Filed under: All, Europe, National Security — Strident Centrist @ 12:42 pm

“Fabius Maximus”, who posts frequently at Defense in the National Interest, has some insightful observations on what’s behind the recent riots in the ethnic suburbs of Paris and other French Cities:

What caused the riots?

The French Government abandoned the great ring cities around Paris — funding their inhabitants but ceding effective control over their lives to community groups such as gangs and mosques. Police and social workers seldom go there, so the inhabitants developed their own polity. This is the critical factor. The government is not facing insurgents attempting to wrest control of their people from France. The local gangs and mosques represent the established powers. The government is attempting to regain what it has surrendered.

Therefore the riots are to some extent a geographically based phenomenon, hence the diversity of religions and ethnicities in the rioters – an important and overlooked aspect. Having been abandoned once, these communities – largely second and third generation immigrants – seem unlikely to easily give their loyalty to the State. That opportunity was lost with their parents and grandparents.

Here we see the Decline of the State in tangible form.

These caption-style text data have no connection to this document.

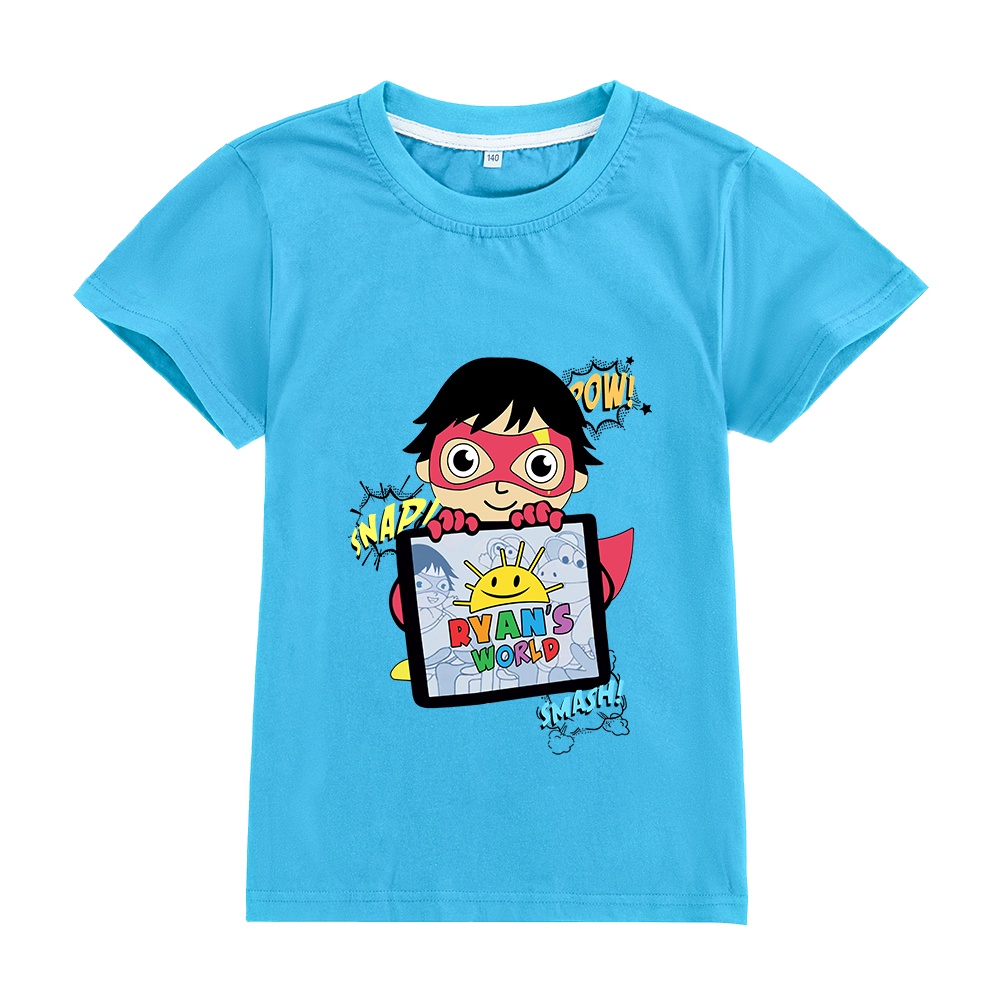 Ryan Toys Review 3-15Y Kids Casual Tshirt Boys Girls Cartoon Ryan World Cotton Summer Short Sleeve S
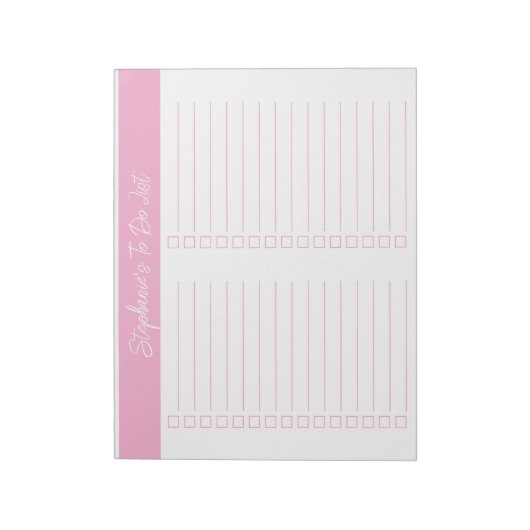 Bloc-note Script Pink 8.5x11 Two Column Checklist (Tourné)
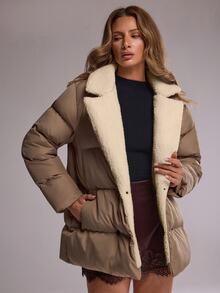 RueChic Women's Light Army Green Quilted Puffer Jacket Featuring A Plush White Faux-Fur Collar, - Army Green - View 4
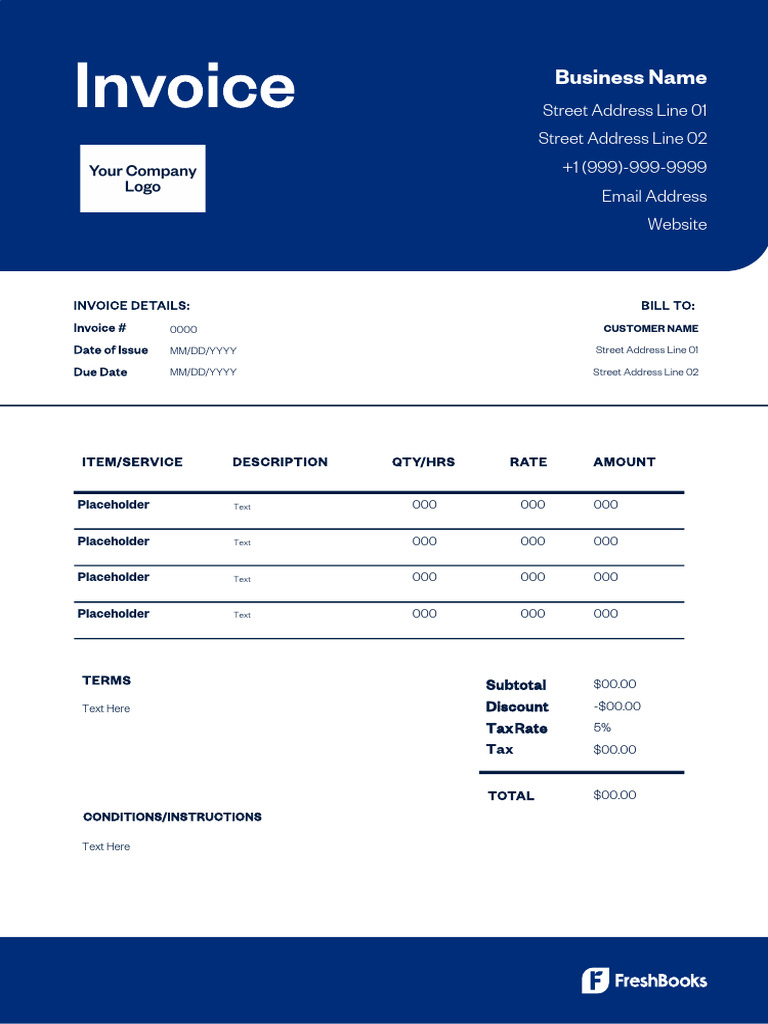 PDF Invoice Templates US Template 01 | PDF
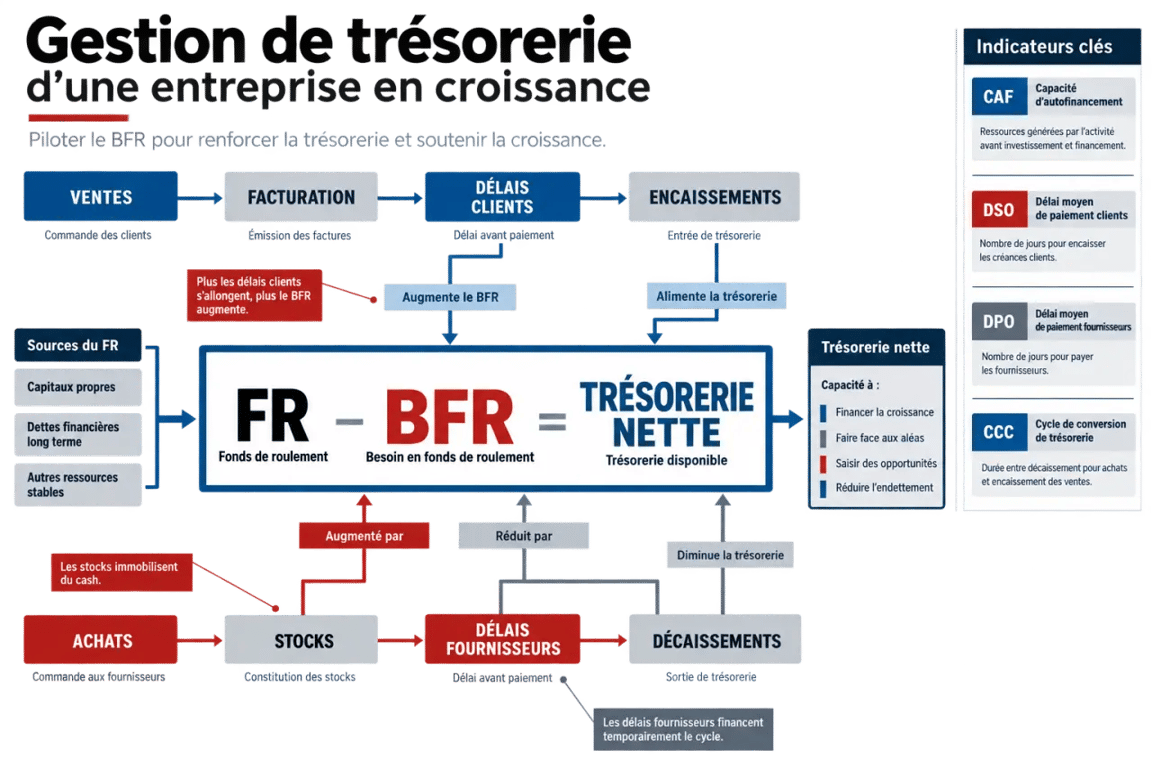 Optimiser la gestion de trésorerie pour les entreprises en croissance : schéma des flux de cash et des indicateurs clés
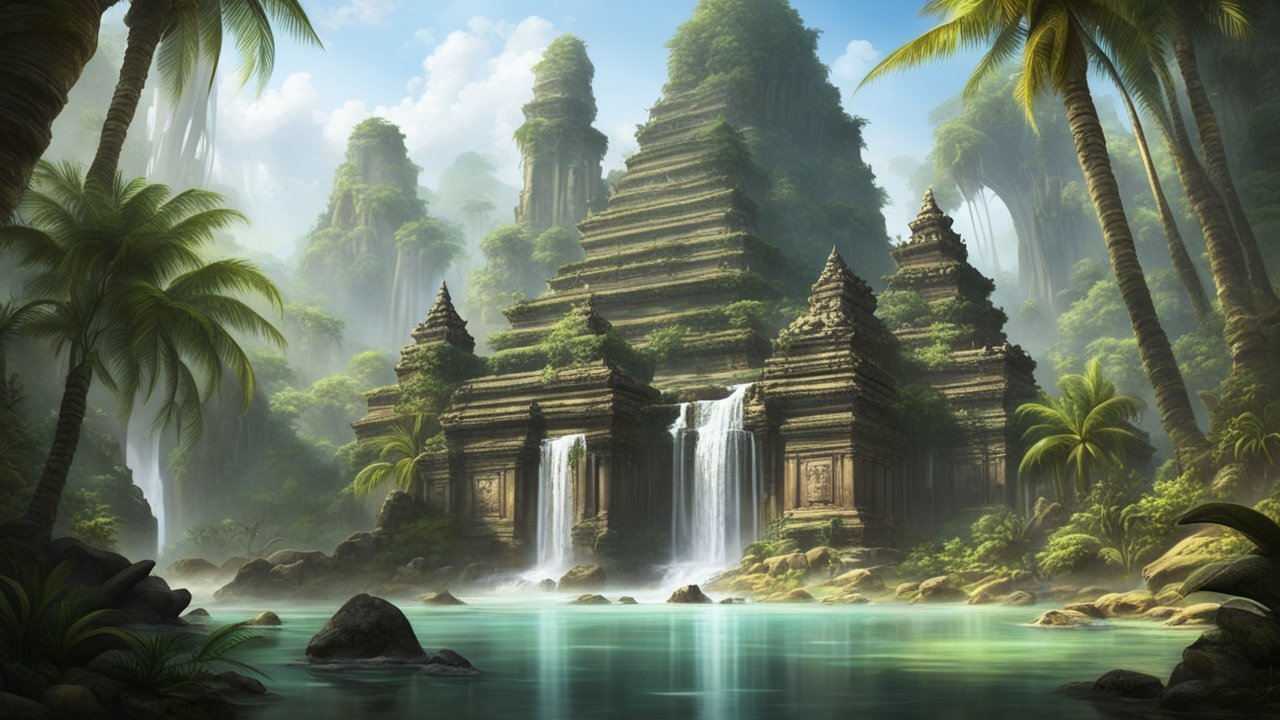 Ancient Temple Ruins with Waterfalls in Lush Jungle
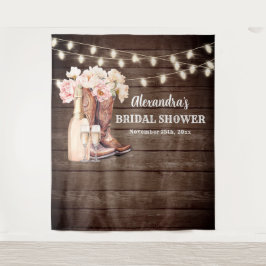 Rustikales Cowgirl Stiefel Bubbly BRAUTPARTY Hinte Wandteppich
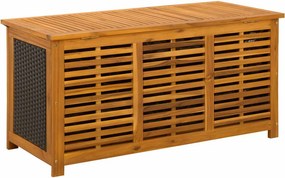 vidaXL Kerti Tároló Doboz 185 L Tömör Akácfa 113 x 50 x 56 cm Fekete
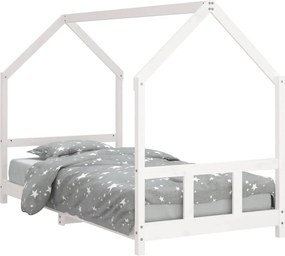 vidaXL fehér tömör fenyőfa gyerekágykeret 90 x 200 cm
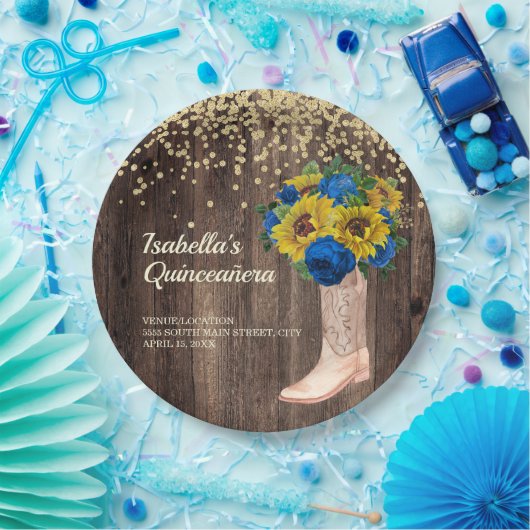 Rustikale Sonnenblumen Blauen Rose Stiefel Quincea Pappteller (Party)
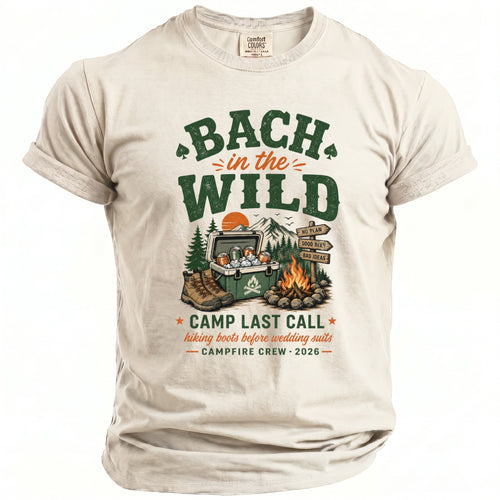 T-shirt with "Bach in the Wild" design, cooler, boots, campfire, and text.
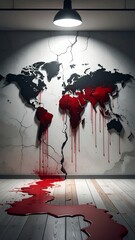 Bleeding World Map - A Stark Visual Commentary on Global Issues.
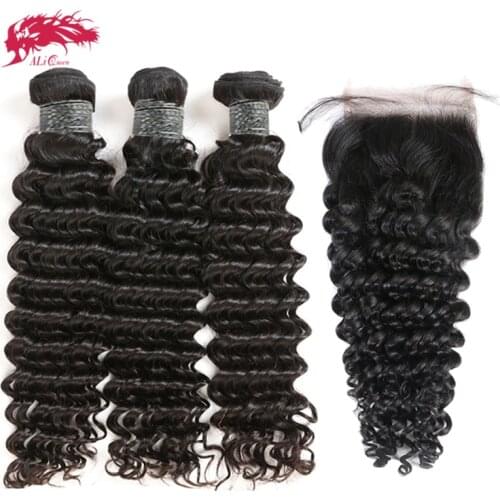 Ali Queen Hair 3/4Pcs Peruvian Deep Wave Remy Human Hair Bundle With Closure Free Part Natural Color Bundles With Frontal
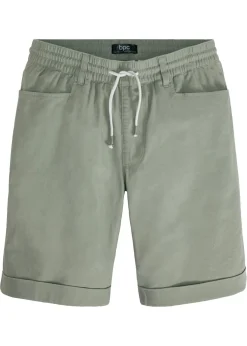 bonprix bonprix Shorts|Pantalones>Bermudas sin cierre de mezcla de lino con corte regular Verde alga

I find it troubling that FM and other such commentators, including William Lind and John Robb, seem to accept that the decline of the state is inevitable. If that is so, the alternative brings to mind the legend on the edges of ancient maps: There Be Dragons. Churchill once said that democracy is the worst form of government; except for all the others. Similarly, if one reads the history of Europe up through the Treaty of Westphalia that ended the Thirty Years War, one could say that the state is the worst way to politically organize society, except for its alternatives. Perhaps we humans should put more thought and effort into restoring our faith in the state.